What this task involves:
Among the records below, find the line with "a cute Guinea" and the line with "1971 Dodge Challenger". Set down both and every line between, exactly and with no pictures, but nothing else.

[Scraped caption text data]
******

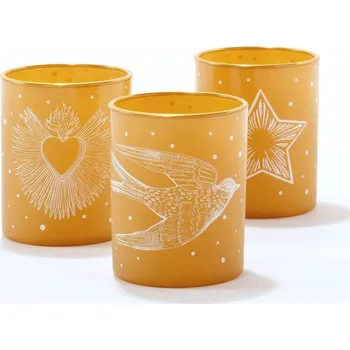 Svícen Blancheporte Sada 3 skleněných svícnů na čajové svíčky zlatá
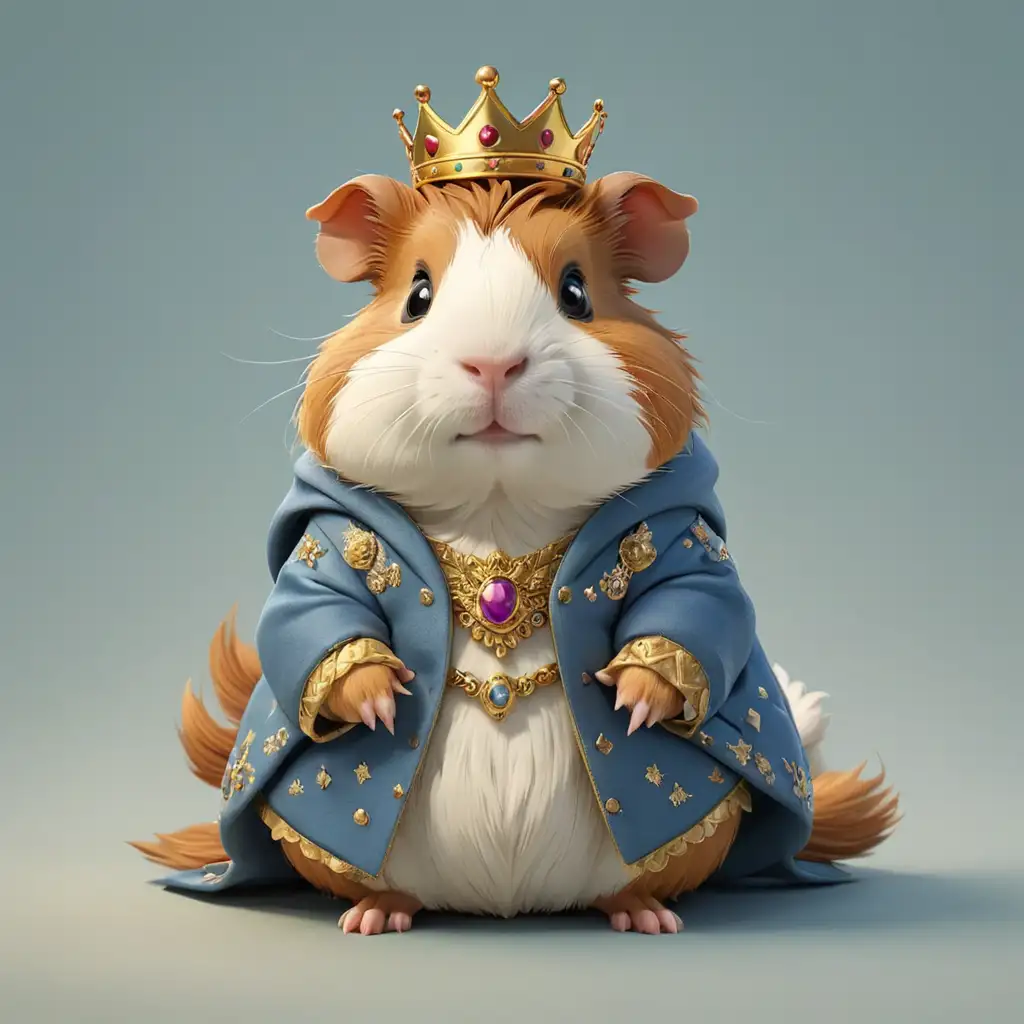 a cute Guinea pig in cartoon style in full body with Queen clothes with clear background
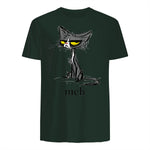 Funny Meh Cat Gift for Cat Lovers in Forest Green - back view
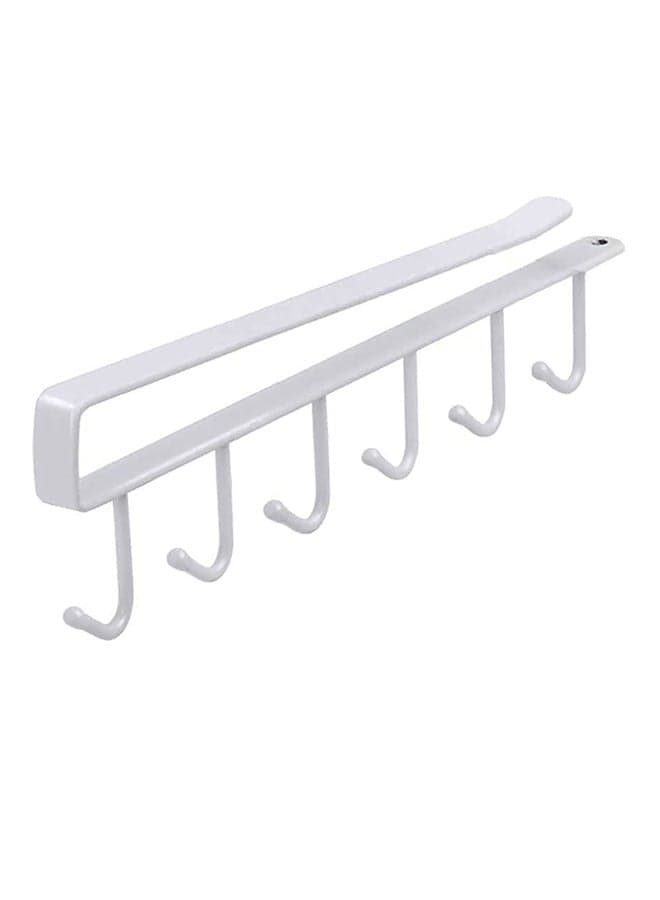 Cupboard Wardrobe Holder Kitchen Storage Rack White 26x6.5x1.5cm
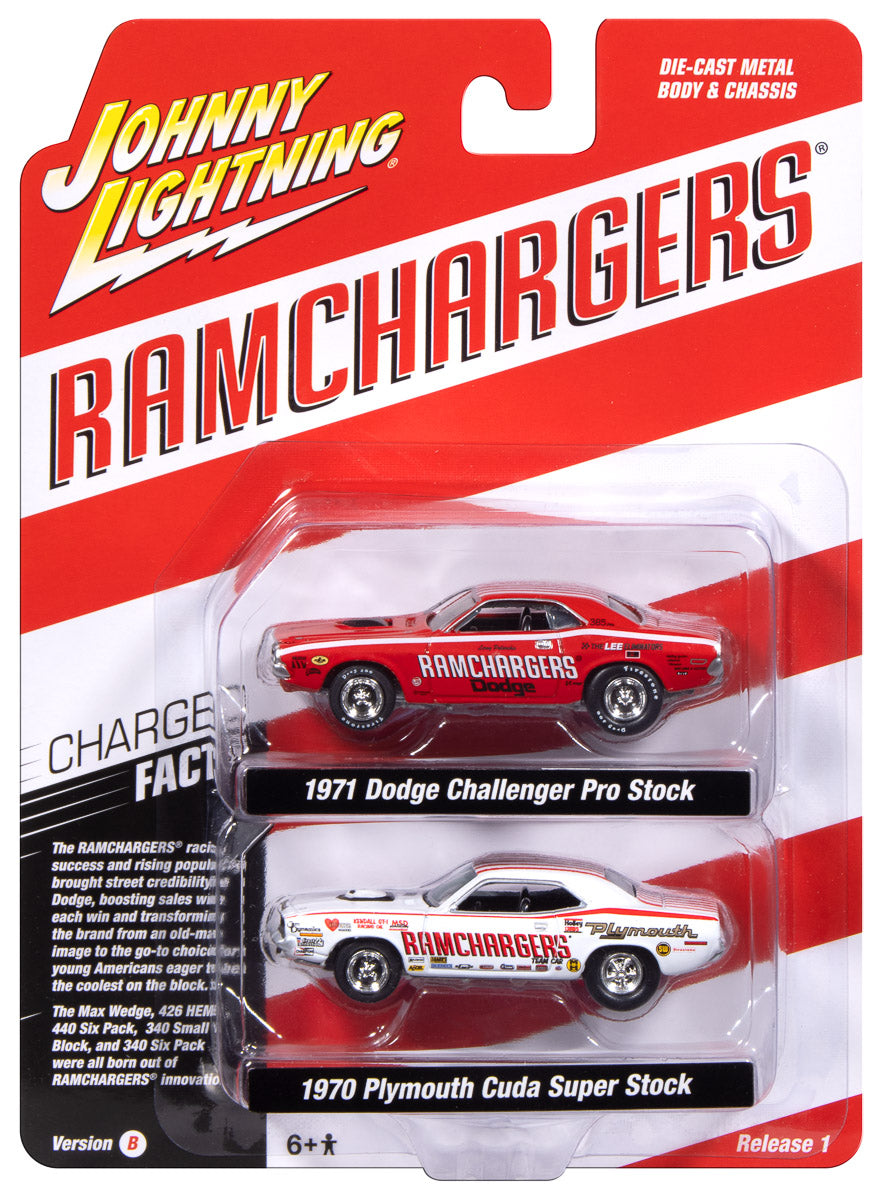 1971 Dodge Challenger Pro Stock &amp; 1970 Plymouth Cuda Super Stock **version B**  – Johnny Lightning Twin Pack 1:64 – JLPK024RAMB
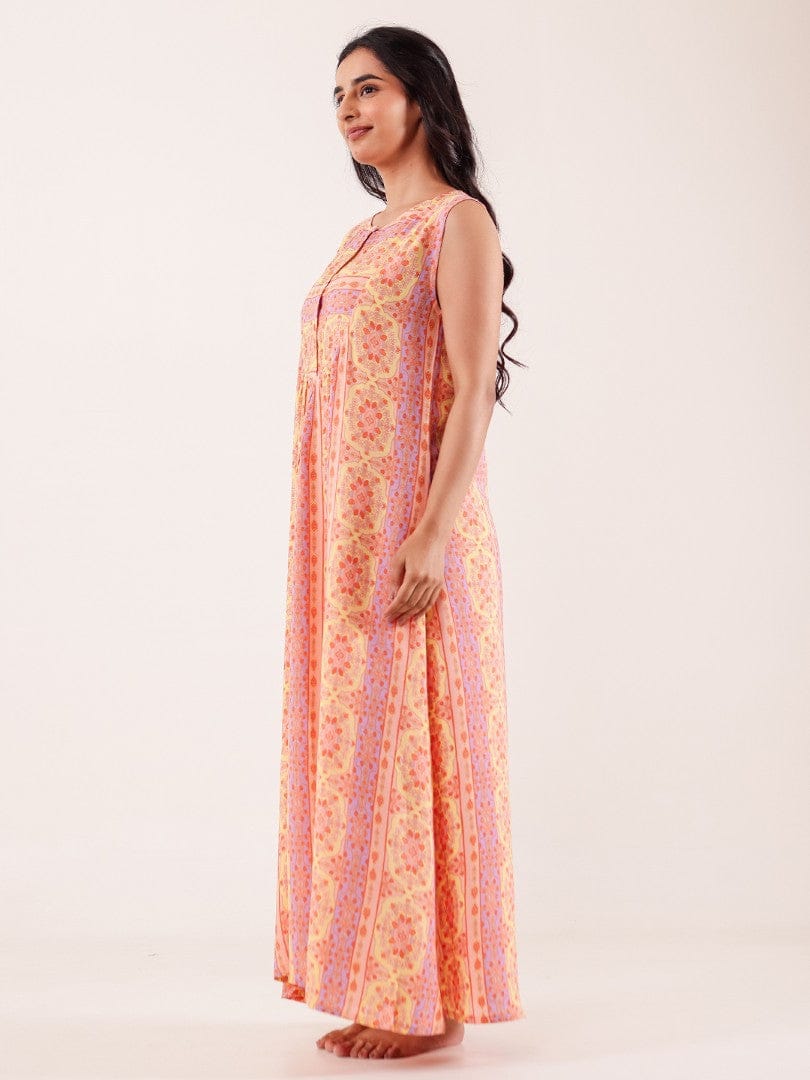 The Kaftan Company Nightdress Peach Printed Viscose Crepe Nightdress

******

Written solution:
 a cute Guinea pig in cartoon style in full body with Queen clothes with clear background
 Funny Meh Cat Gift for Cat Lovers in Forest Green - back view
 Cupboard Wardrobe Holder Kitchen Storage Rack White 26x6.5x1.5cm
 1971 Dodge Challenger Pro Stock &amp; 1970 Plymouth Cuda Super Stock **version B**  – Johnny Lightning Twin Pack 1:64 – JLPK024RAMB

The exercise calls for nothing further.